- Al-Bahluliyah Location within Syria
- Coordinates: 35°38′2″N 35°57′22″E﻿ / ﻿35.63389°N 35.95611°E
- Country: Syria
- Governorate: Latakia
- District: Latakia
- Subdistrict: al-Bahluliyah

Population (2004 census)
- • Total: 4,665
- Time zone: UTC+2 (EET)
- • Summer (DST): UTC+3 (EEST)

= Al-Bahluliyah =

Town in northwestern Syria

Al-Bahluliyah (البهلولية) is a town in northwestern Syria, administratively part of the Latakia Governorate, located north of Latakia. Nearby localities include Al-Shamiyah and Burj Islam to the west, Sitmarkho and al-Qanjarah to the southwest and al-Haffah to the southeast. According to the Syria Central Bureau of Statistics, al-Bahluliyah had a population of 4,665 in the 2004 census. Its inhabitants are predominantly Alawites.
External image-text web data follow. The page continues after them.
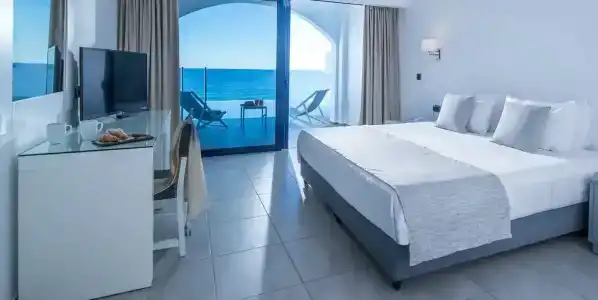 Peninsula Resort & Spa - 15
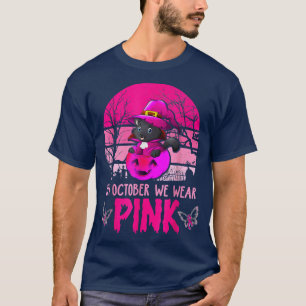Schwarze Katze mit Hexenhut und Kürbispink, Brust  T-Shirt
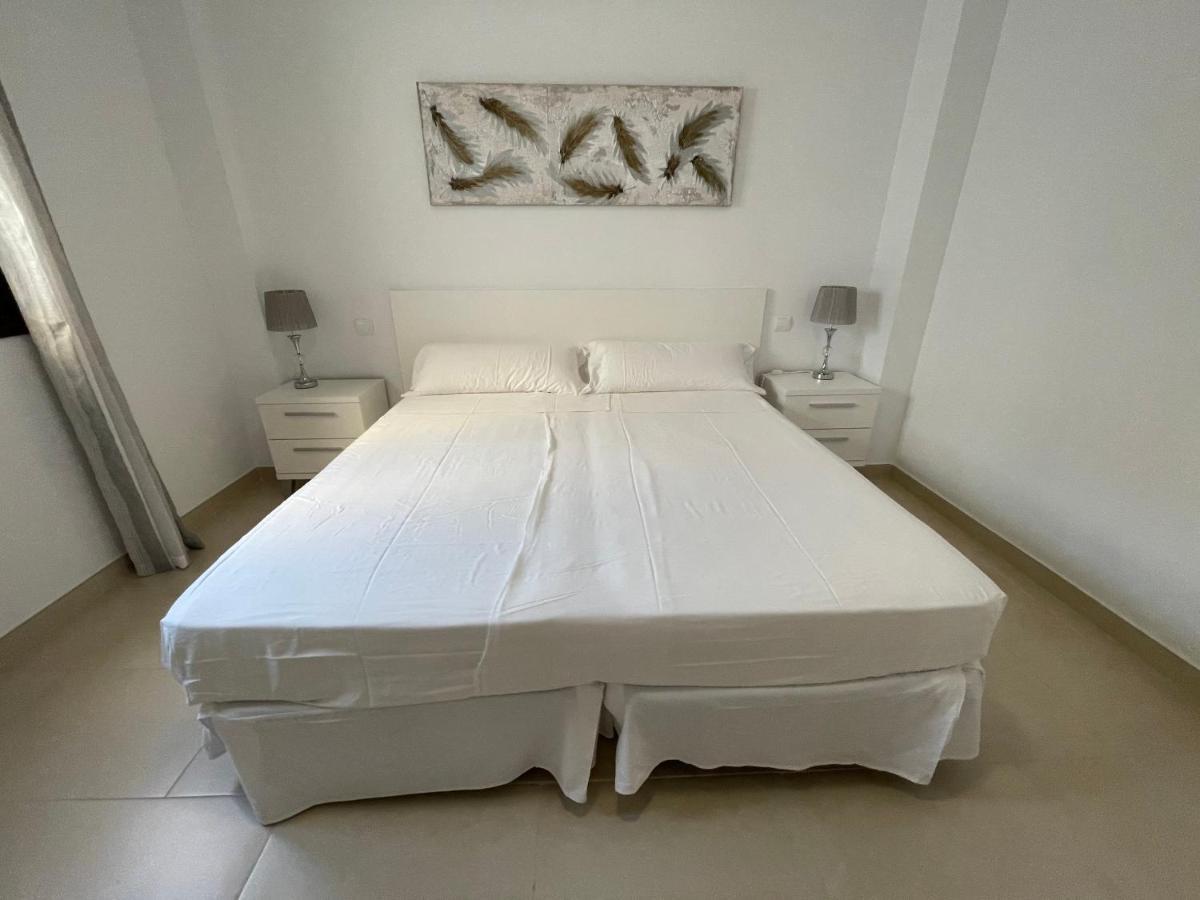 Royal Suites Estepona By Croma Buitenkant foto
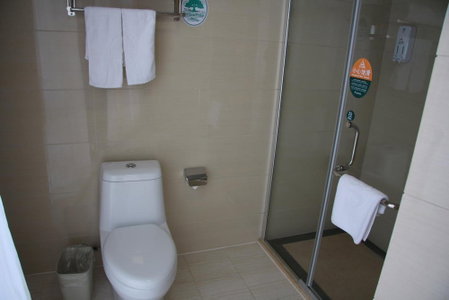 Greentree Inn Shanghai Songjiang Wanda Plaza Rongm, Shanghai, China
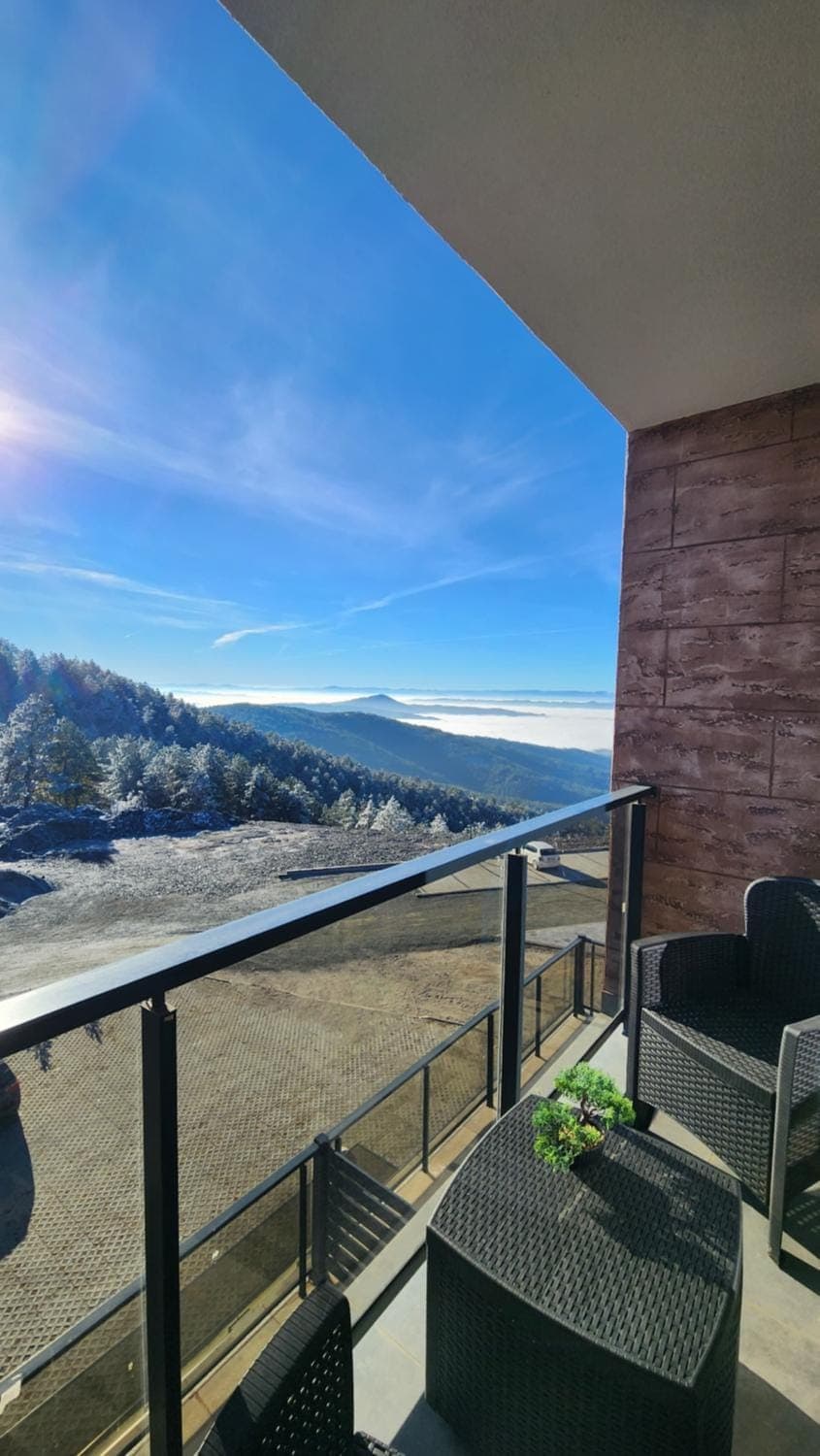 Balcony/Terrace, Mountain view, sunbed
Several towns and municipalities are affiliated with Al-Bahluliyah, including: Al-Bahluliyah Municipality, Al-Zobar Municipality, and Fadra Municipality. Not only that; a number of villages are affiliated with this municipality, including Al-Rastin, Salib Al-Bahluliyah, Al-Qarama, Al-Rafi’a, Ain Al-Safsaf, Sher Al-Kharab, Ras Awj, and Da’tour Al-Bahluliyah. The population of Fadra village is about 2,500 people. It is a small village affiliated with Al-Bahluliyah District. It has a municipality affiliated with the villages of Al-Karkit and Srna, with a total population of more than 5,000 people.